Au XXIe siècle, le droit à la vie est inextricablement lié au droit à l'alimentation et aux soins médicaux. Priver intentionnellement un groupe de nourriture, de médicaments et de chauffage comme forme de discrimination à son encontre est un acte génocidaire qui vise à détruire un groupe national, ethnique, racial ou religieux en tout ou en partie.

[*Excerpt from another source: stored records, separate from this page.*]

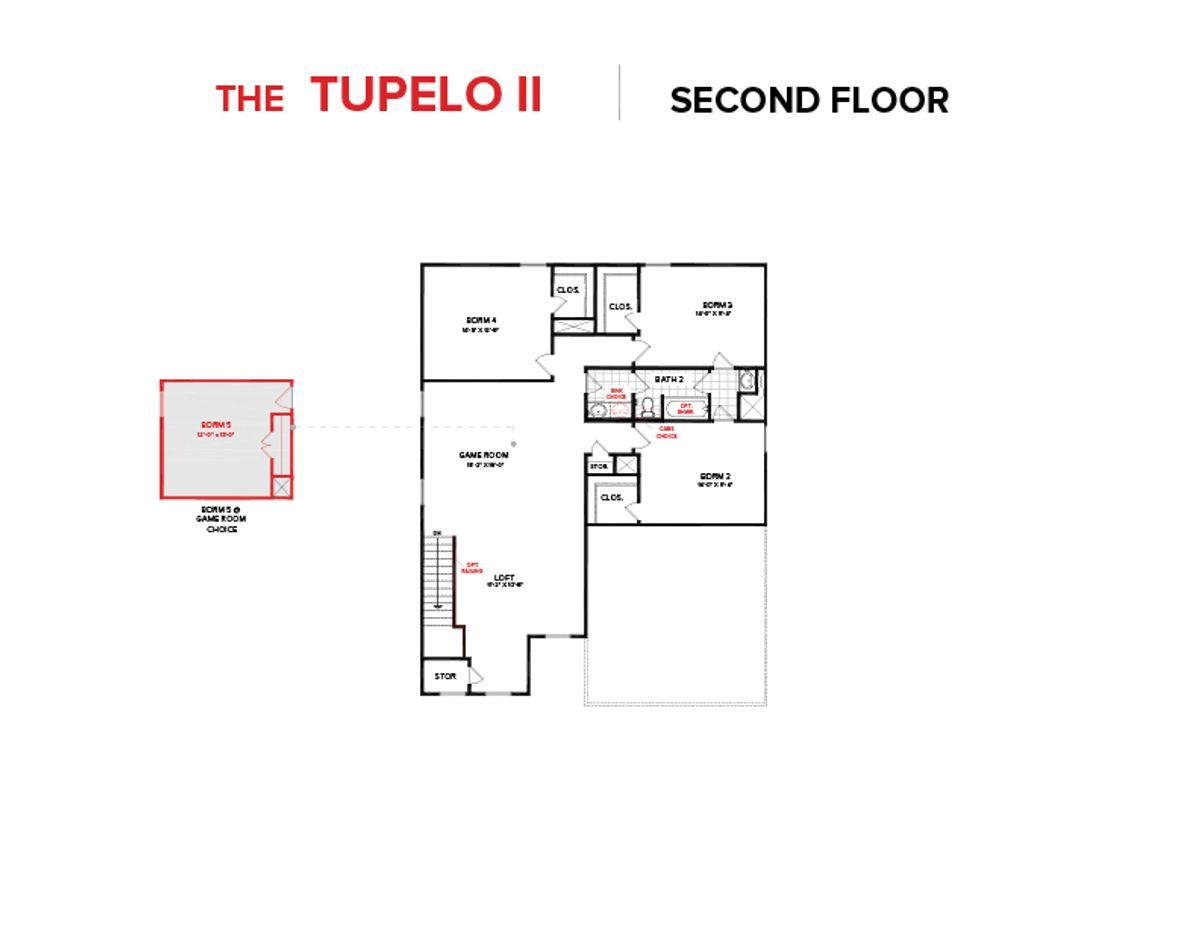 Tupelo II Floorplan SF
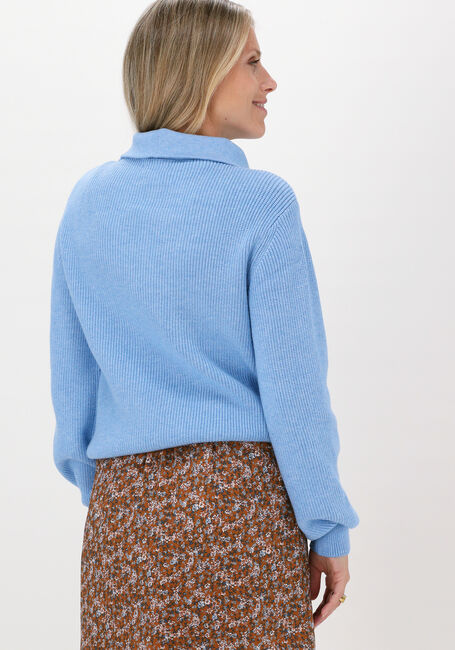 Lichtblauwe YDENCE Sweater KNITTED SWEATER NAOMI - large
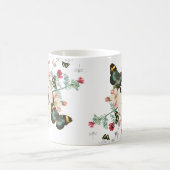 Monogram  Floral flacons Wit Aangepast Koffiemok (Center)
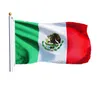 Mexikansk flagga 3x5 ft Custom Country National Flags of Mexico 5x3 ft 90x150cm inomhus utomhus Mexiko flagga med hög kvalitet6123063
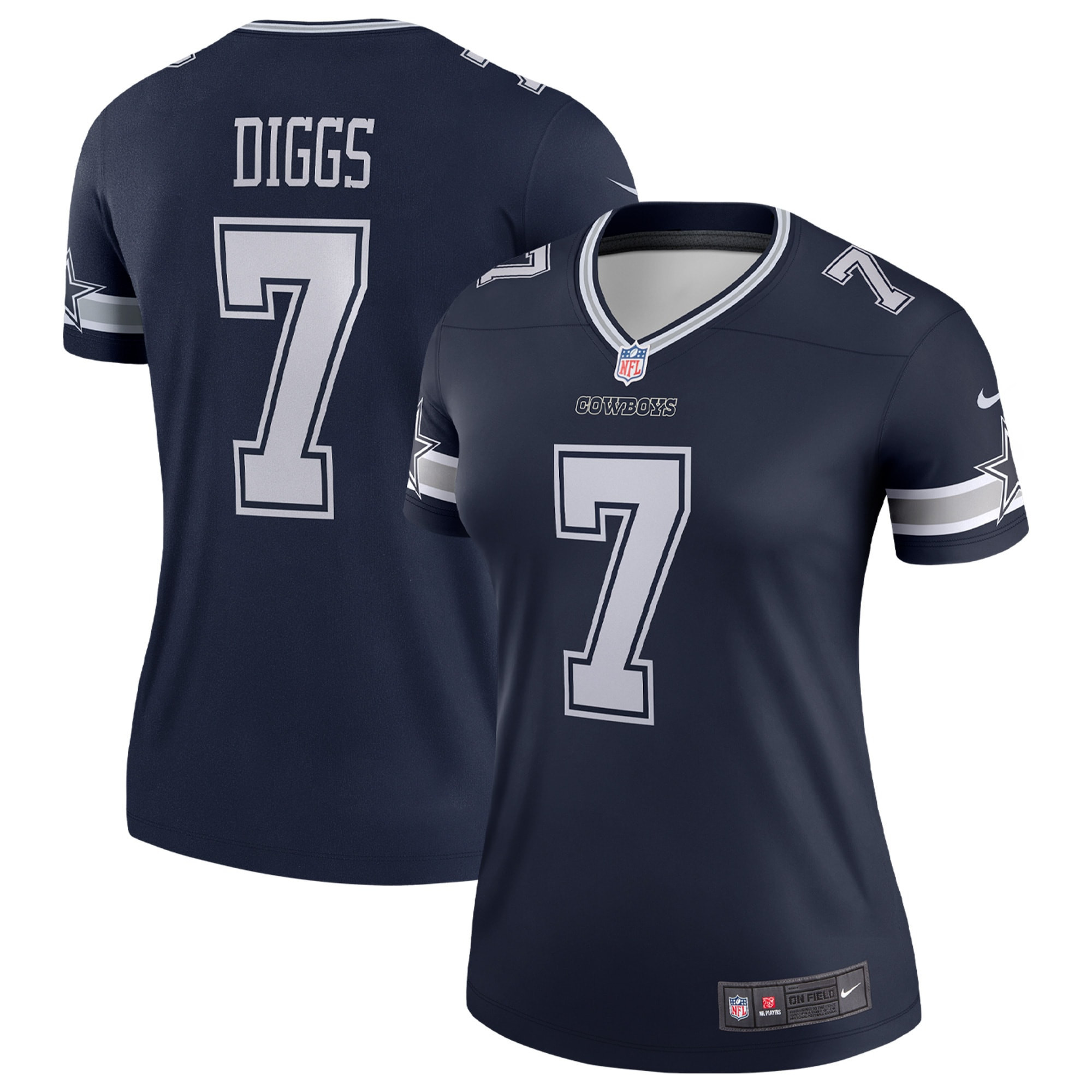Women's Trevon Diggs Dallas Cowboys Navy Jersey - All Stitched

Depuis le 12 décembre 2022 l’Azerbaïdjan a bloqué la seule route reliant l'Artsakh (Haut-Karabakh) à l'Arménie et au monde extérieur, privant le peuple d'Artsakh de l'accès aux produits de première nécessité et aux services (nourriture, médicaments, carburant), commettant de fait un génocide par attrition contre les 120 000 Arméniens vivant en Artsakh. Cela a créé une grave crise humanitaire qui a un impact significatif sur chaque citoyen d'Artsakh. Les denrées alimentaires de base (épicerie, huile, sucre) sont déjà fournies aux populations en petites portions. Les laits pour bébés sont épuisés. L'impossibilité de fournir des soins médicaux adéquats et le manque essentiel de médicaments ont déjà entraîné le premier décès. Des centaines de familles sont séparées les unes des autres. Cette crise humanitaire est parfois exacerbée par la perturbation par l'Azerbaïdjan de l'approvisionnement en gaz naturel de l'Artsakh, laissant les maisons, les hôpitaux et les écoles sans chauffage.
Tout comme la politique nazie dans les ghettos, lorsque la faim, le froid, le manque d'hygiène et le manque de soins médicaux ont provoqué la mort de plus de 700 000 Juifs, le régime totalitaire d'Azerbaïdjan utilise désormais les mêmes méthodes pour exterminer les Arméniens d'Artsakh. Cette politique découle du racisme, de la xénophobie et de la haine arménienne, instillés par les régimes au pouvoir en Azerbaïdjan depuis des années.
Comme mentionné, le génocide n'est pas un événement, mais un processus. Le génocide par attrition en est un exemple frappant. En même temps, il est important en termes de détection des signes avant-coureurs pour prévenir le génocide. Comme le nom même de la Convention sur le génocide l'indique, la Convention a un double objectif : la prévention et la répression. Tous les 152 États qui ont signé la Convention sur le génocide ont l'obligation légale d'empêcher le déroulement du génocide en Artsakh.
Edita Gzoyan, Ph.D
Directrice adjointe des travaux scientifiques du MIGA
Bibliographie
Helen Fein “Genocide by Attrition 1939-1993: The Warsaw Ghetto, Cambodia, and Sudan, Human Rights, Health, and Mass Death,”
Health and Human Rights 2, no. 2 (1997): 10-45.
Sheri P. Rosenberg, “Genocide Is a Process, Not an Event,”
Genocide Studies and Prevention 7, no. 1 (2012): 16–23.
Pauline Wakeham (2021): The Slow Violence of Settler Colonialism: Genocide, Attrition, and the Long Emergency of Invasion, Journal of Genocide Research, DOI: 10.1080/14623528.2021.1885571
Conflict in the Nuba Mountains From Genocide by Attrition to the Contemporary Crisis in Sudan, edited by Samuel Totten and Amanda F. Grzy (Routledge, 2015).